▸ Task item
From the material below, set down exactly the lines that run from the one containing "حافظة لهاتف شاومي" to the one containing "Rodd & Gunn", minus the pictures.

▸ Excerpted records
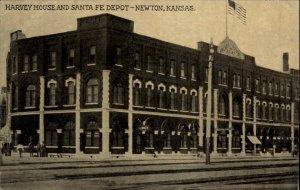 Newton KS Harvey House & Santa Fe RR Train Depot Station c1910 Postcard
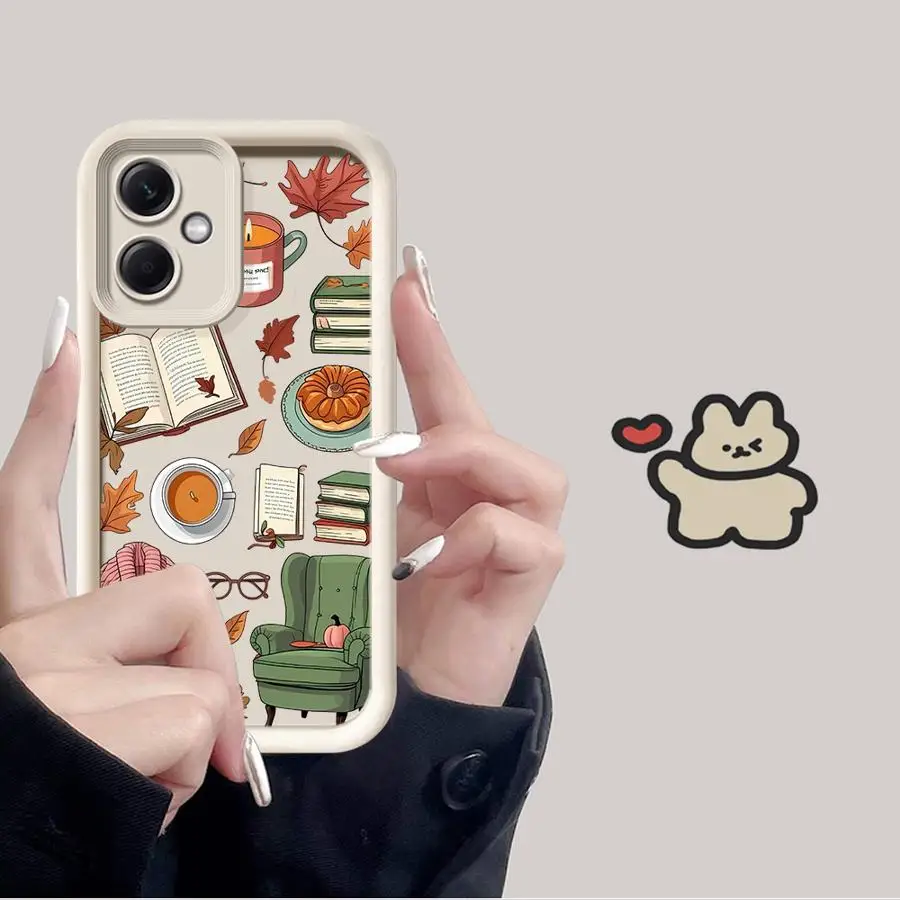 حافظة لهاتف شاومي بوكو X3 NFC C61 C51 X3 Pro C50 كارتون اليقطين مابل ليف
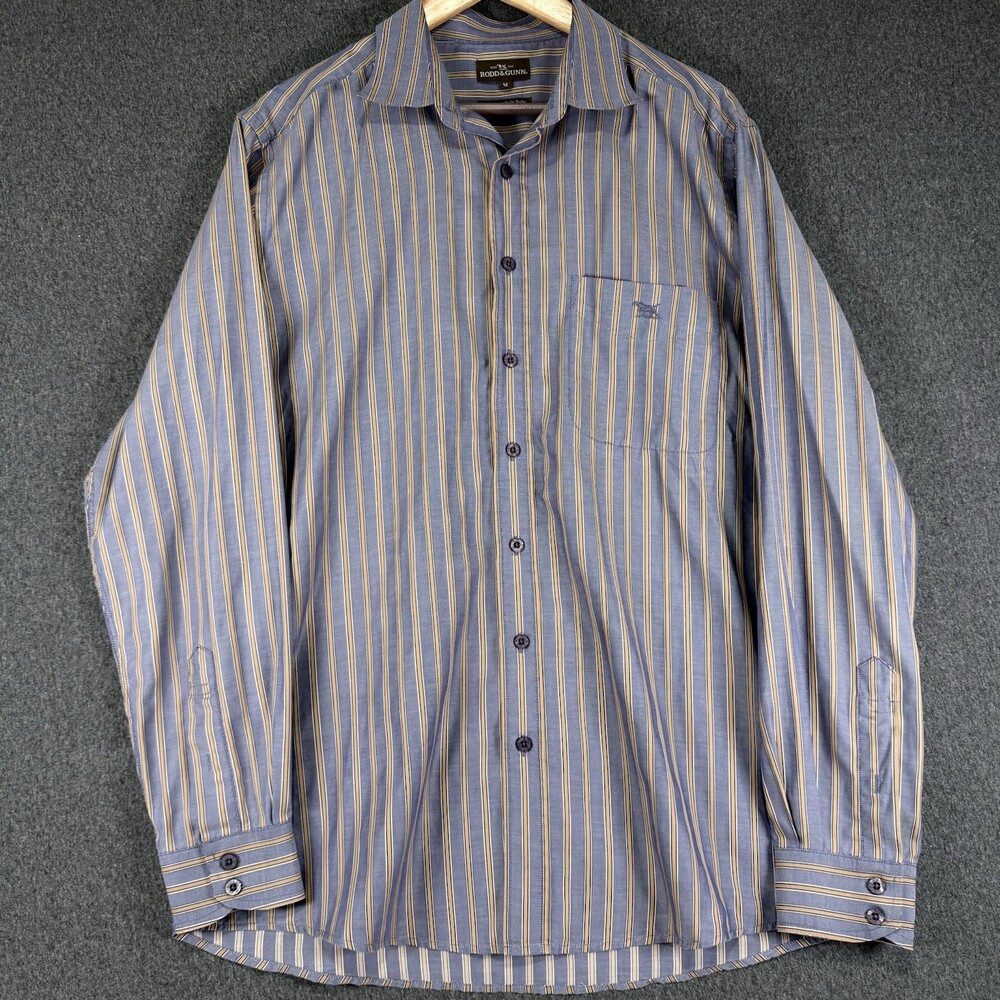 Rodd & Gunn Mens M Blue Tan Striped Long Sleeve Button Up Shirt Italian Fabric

--

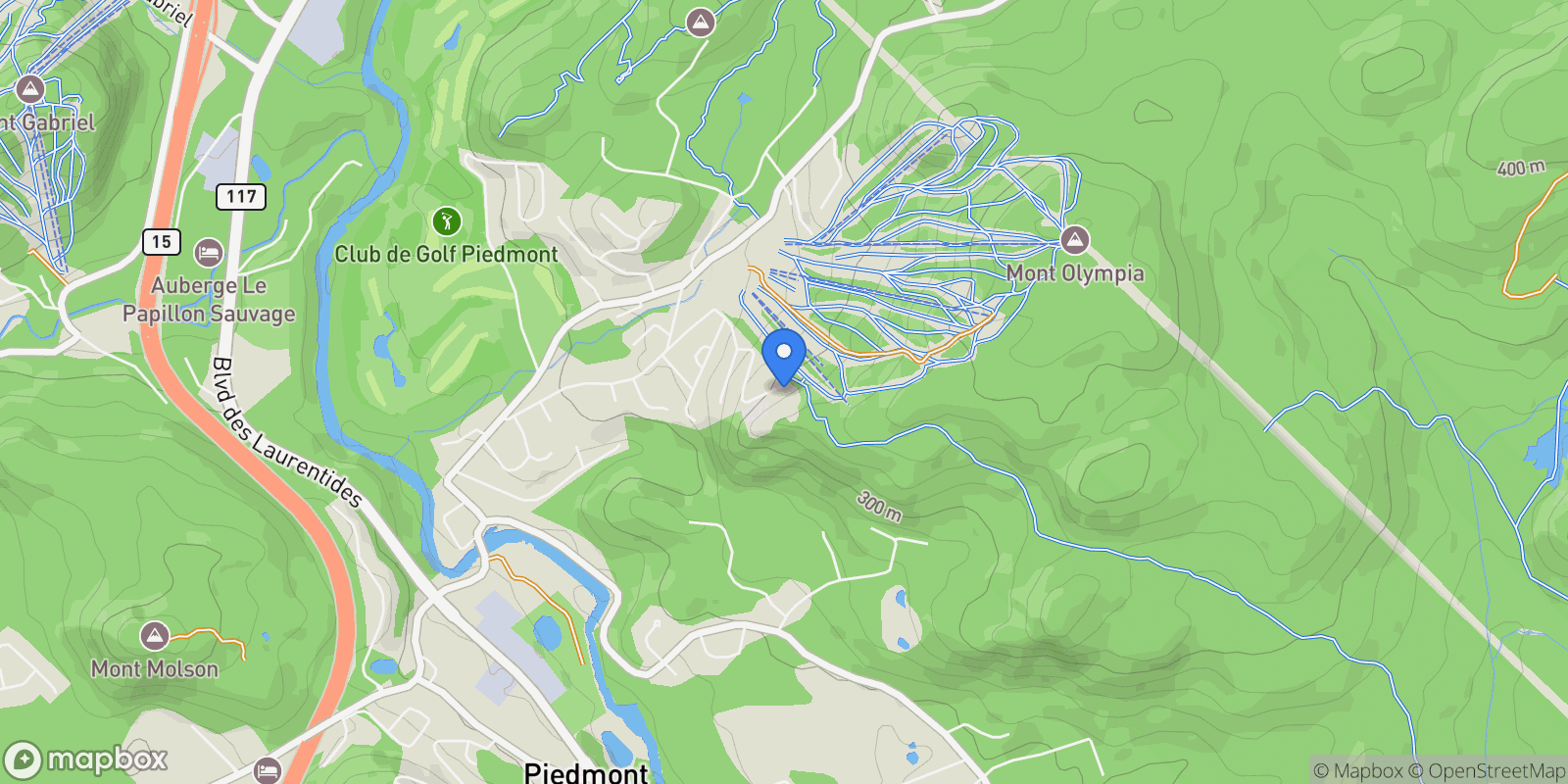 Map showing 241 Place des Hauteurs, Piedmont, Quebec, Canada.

* * *

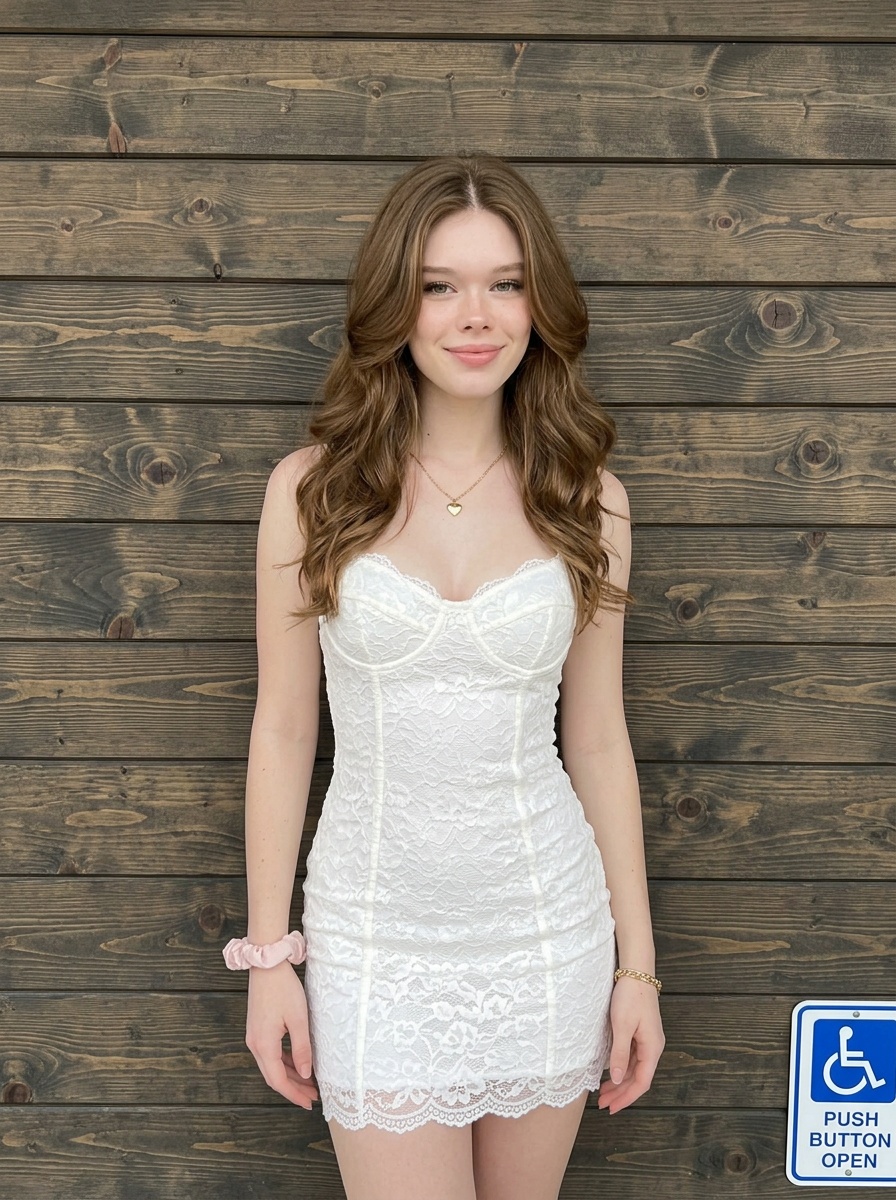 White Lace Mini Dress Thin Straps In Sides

▸ Final answer
 حافظة لهاتف شاومي بوكو X3 NFC C61 C51 X3 Pro C50 كارتون اليقطين مابل ليف
 Rodd & Gunn Mens M Blue Tan Striped Long Sleeve Button Up Shirt Italian Fabric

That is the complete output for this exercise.